Sphere centers and interstices are identified by tendon loops in the spherical tensegrities. In the figure below, the red polygonal (square) loops of the relaxed 12-strut tensegrity are coincident with the sphere centers, and the yellow triangular loops are coincident with the interstices. See Spheres and Spaces.

If we apply a counter-clockwise torque to a clockwise (and vice versa) 12-strut tensegrity, we force the tensegrity into the unstable* configuration of the cube.

The counter-clockwise torque of a clockwise (and vice versa) 30-strut tensegrity forces it into the unstable* configuration of the pentagonal dodecahedron. Because the 12- and 30-strut tensegrities must always and only be either right- or left-handed, and never both simultaneously, nature disallows these operations.

* “Unstable” may be too strong a word. The tensegrities of otherwise non-rigid (i.e., non-triangulated) polyhedra, like the cube and the pentagonal dodecahedron do hold their shape. However, their strength decreases as the diameter of their vertex loops shrink to points.

Fuller described tensegrities as balloons evacuated of all the supporting gas except for those molecules actively careening around the inside surface on trajectories that are the chords of geodesics. The underlying structure is disclosed by replacing those careening molecules with static struts, and then removing all of the balloon’s skin except for a continuous web of tensile fibers holding the struts in place. A very high frequency tensegrity sphere with all redundancy and non-essential components removed could, in theory, be reduced to molecular bonds, atomic bonds, and ultimately disappear entirely into highly organized quantum fields.

There is another class of tensegrities commonly called tensegrity prisms. The simplest in this class consists of three struts and nine tendons, and has the shape of a triangular prism with the top triangle twisted at 30° from the bottom triangle. Any number of tensegrity prisms are possible. Each is defined by the number of struts which corresponds to the number of sides in the polygon on which is based. In the figure below are tensegrity prisms based on polygons with 3, 4, 5, 6, and 10 sides.
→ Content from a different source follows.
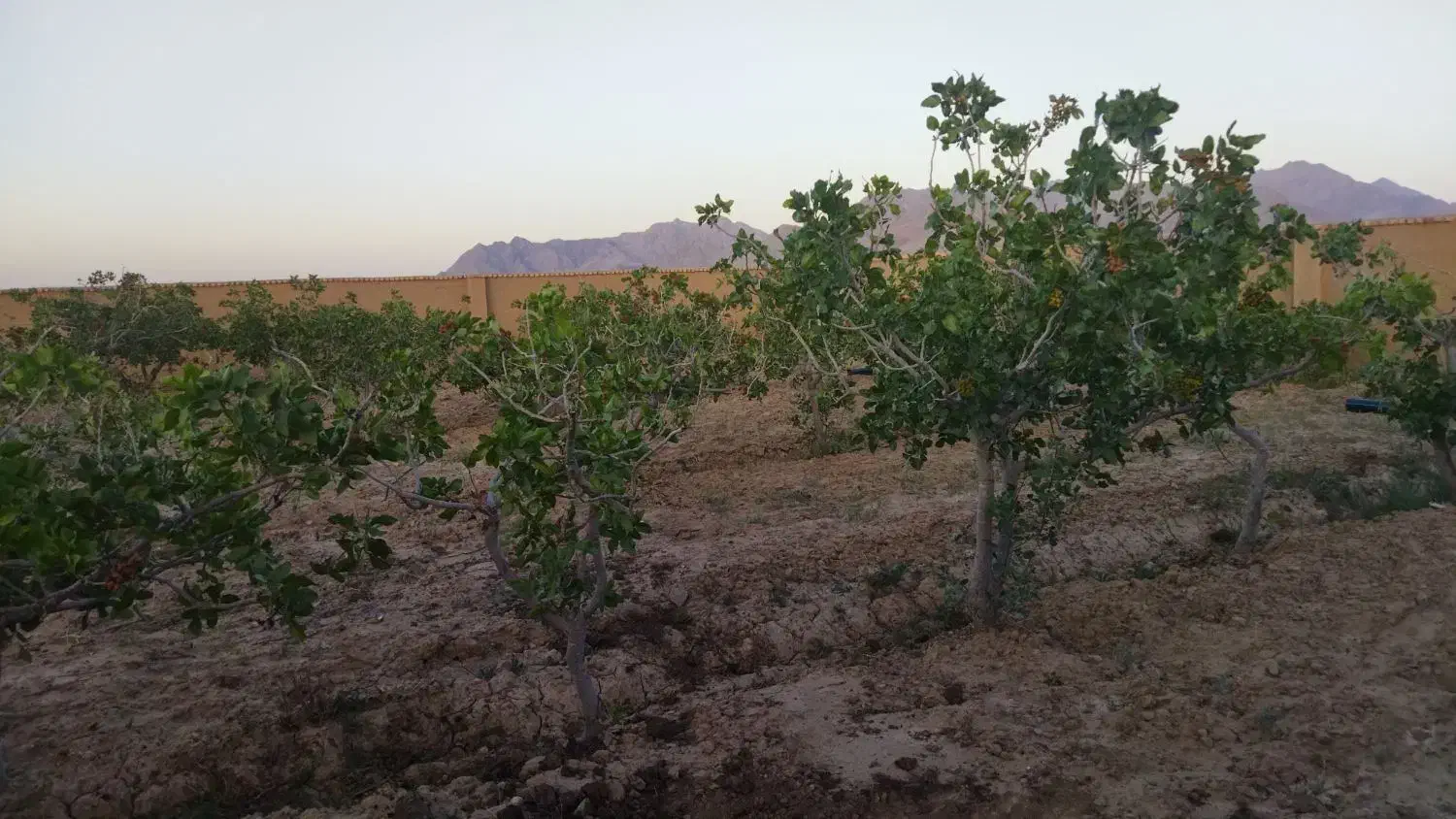 باغ ویلا|فروش خانه و ویلا|قائن, |دیوار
The angle at which the top polygon is twisted in relation to the bottom polygon is a constant and is given by the formula,

90°-(180°/n)

where n is the number of struts, or sides of the polygon on which it is based.

Tensegrity prisms have been combined to form columns, lattices, and complex hyperbolic surfaces. They have also been employed in multi-layered geodesic domes. The possibilities are practically unlimited.

Though building codes assessed Fuller’s geodesic domes as conventional truss networks, they were designed and engineered as tensegrity structures. Redundancies were then added to please the inspectors, and to satisfy the clients’ desire for something that looked substantial. Most were based on the icosahedron, with the 30-strut tensegrity sphere serving as the base model. Regular, triangular subdivisions of the icosahedron create the primary faces of the geodesic polyhedra, all of which (if based on the icosahedron) will have 12 vertices with 5 members, and a larger number of vertices with 6 members. In the spherical tensegrities, these form tension loops of pentagons and hexagons.

All the spherical tensegrities can be reduced to geodesic polyhedra. If we draw in to a point the pentagonal and hexagonal loops in the 120-strut tensegrity sphere above, its 80 triangles enlarge to form the 2F Class 1 geodesic polyhedron.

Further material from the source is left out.